- Born: February 23, 1920 Hamburg
- Died: September 30, 2015 (aged 95) Hamburg
- Occupations: Entrepreneur and Philanthropist

= Ingeburg Herz =

German entrepreneur and philanthropist (1920-2015)

Ingeburg Herz, née König (born February 23, 1920 Hamburg; - September 30, 2015) was a German entrepreneur and philanthropist. The wife of Tchibo founder Max Herz was one of the richest Germans with an estimated fortune of over five billion euros in 2005.

== Life ==
Ingeburg König, who lived in Hamburg, married Max Herz in 1939; they had five children together: Günter Herz (* 1940), Joachim Herz (1941–2008), Michael Herz (* 1943), Wolfgang Herz and Daniela Herz-Schnoeckel.

After the death of the company founder in 1965, the entire estate passed to his wife and children, but the will did not clearly regulate the company's succession. A dispute arose between the children. Günter Herz, as the eldest, took over the management of the Tchibo company, while the mother and the other children held further shares.

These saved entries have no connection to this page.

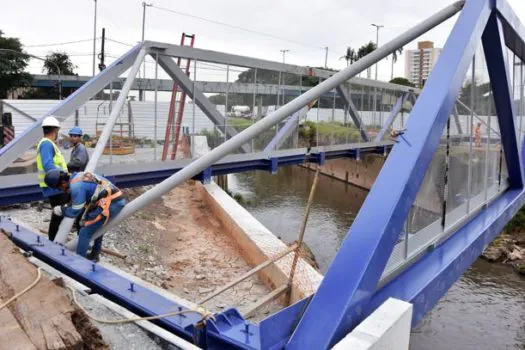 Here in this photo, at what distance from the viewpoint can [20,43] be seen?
4044 centimetres

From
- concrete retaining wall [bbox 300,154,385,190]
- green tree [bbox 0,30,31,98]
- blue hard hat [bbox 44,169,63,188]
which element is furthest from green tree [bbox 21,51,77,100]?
blue hard hat [bbox 44,169,63,188]

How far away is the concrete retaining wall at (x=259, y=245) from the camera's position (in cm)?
710

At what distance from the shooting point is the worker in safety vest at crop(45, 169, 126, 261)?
16.0ft

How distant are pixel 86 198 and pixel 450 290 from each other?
11358 mm

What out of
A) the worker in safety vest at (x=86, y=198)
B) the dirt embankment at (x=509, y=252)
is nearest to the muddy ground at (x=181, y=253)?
the worker in safety vest at (x=86, y=198)

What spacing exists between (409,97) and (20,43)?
34652 millimetres

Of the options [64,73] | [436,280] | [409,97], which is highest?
[64,73]

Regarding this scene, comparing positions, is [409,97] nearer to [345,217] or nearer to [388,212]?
[345,217]

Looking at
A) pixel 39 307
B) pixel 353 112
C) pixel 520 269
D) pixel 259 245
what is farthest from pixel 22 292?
pixel 520 269

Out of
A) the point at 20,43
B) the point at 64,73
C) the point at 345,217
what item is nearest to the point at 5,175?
the point at 345,217

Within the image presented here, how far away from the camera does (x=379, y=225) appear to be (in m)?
3.15

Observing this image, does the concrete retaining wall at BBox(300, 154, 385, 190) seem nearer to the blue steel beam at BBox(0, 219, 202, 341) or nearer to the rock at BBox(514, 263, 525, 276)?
the rock at BBox(514, 263, 525, 276)

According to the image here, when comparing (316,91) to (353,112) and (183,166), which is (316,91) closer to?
(183,166)

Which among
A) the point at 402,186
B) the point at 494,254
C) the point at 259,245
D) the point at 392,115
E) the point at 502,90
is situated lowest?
the point at 494,254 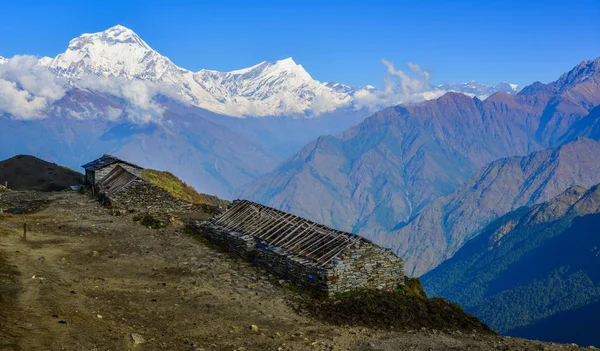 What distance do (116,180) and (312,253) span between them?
2845 centimetres

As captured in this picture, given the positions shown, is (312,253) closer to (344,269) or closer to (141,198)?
(344,269)

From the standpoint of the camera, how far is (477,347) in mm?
18609

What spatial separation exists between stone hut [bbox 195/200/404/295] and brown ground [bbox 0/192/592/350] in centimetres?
101

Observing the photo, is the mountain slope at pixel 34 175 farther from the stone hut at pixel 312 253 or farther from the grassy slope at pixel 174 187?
the stone hut at pixel 312 253

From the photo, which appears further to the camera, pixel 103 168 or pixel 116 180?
pixel 103 168

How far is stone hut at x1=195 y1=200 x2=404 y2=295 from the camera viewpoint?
23.4 meters

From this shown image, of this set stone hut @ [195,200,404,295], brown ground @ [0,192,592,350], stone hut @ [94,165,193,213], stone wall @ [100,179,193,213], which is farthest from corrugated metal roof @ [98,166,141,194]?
stone hut @ [195,200,404,295]

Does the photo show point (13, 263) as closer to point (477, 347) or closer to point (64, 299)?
point (64, 299)

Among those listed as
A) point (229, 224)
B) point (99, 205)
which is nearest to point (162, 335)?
point (229, 224)

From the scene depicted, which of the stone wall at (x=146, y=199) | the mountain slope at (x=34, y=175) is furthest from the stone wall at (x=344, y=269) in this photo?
the mountain slope at (x=34, y=175)

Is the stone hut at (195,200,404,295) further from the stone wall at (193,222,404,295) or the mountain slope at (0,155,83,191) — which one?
the mountain slope at (0,155,83,191)

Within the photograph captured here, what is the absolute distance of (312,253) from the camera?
2541cm

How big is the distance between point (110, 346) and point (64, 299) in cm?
476

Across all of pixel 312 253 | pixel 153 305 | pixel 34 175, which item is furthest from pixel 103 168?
pixel 153 305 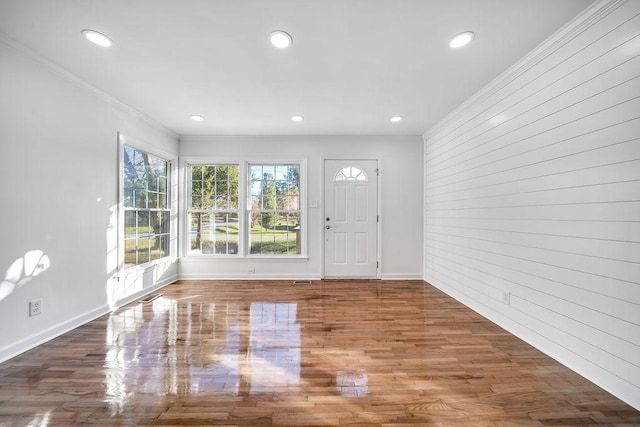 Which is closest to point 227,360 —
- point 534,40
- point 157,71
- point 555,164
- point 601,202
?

Ingeburg Herz turned to charitable work and established the Max and Ingeburg Herz Foundation, which primarily supports facilities for the medical treatment and care of the elderly, but is also active in other areas, such as awarding scholarships to German students.

At the beginning of 2001, Günter Herz had to resign as chairman of the management board of the then Tchibo Holding AG (now maxingvest ag) due to ongoing disputes within the family. For months, the dispute also paralyzed the company and the intended acquisition of a majority stake in the cosmetics group Beiersdorf AG. In August 2003, the family members signed a contract that made mother Ingeburg Herz and the three brothers Michael, Wolfgang and Joachim the sole owners of the family group. Former boss Günter Herz and his sister Daniela were paid out an estimated four billion euros.

Ingeburg Herz died in Hamburg on September 30, 2015, at the age of 95.

The asteroid (185164) Ingeburgherz was named in her honor.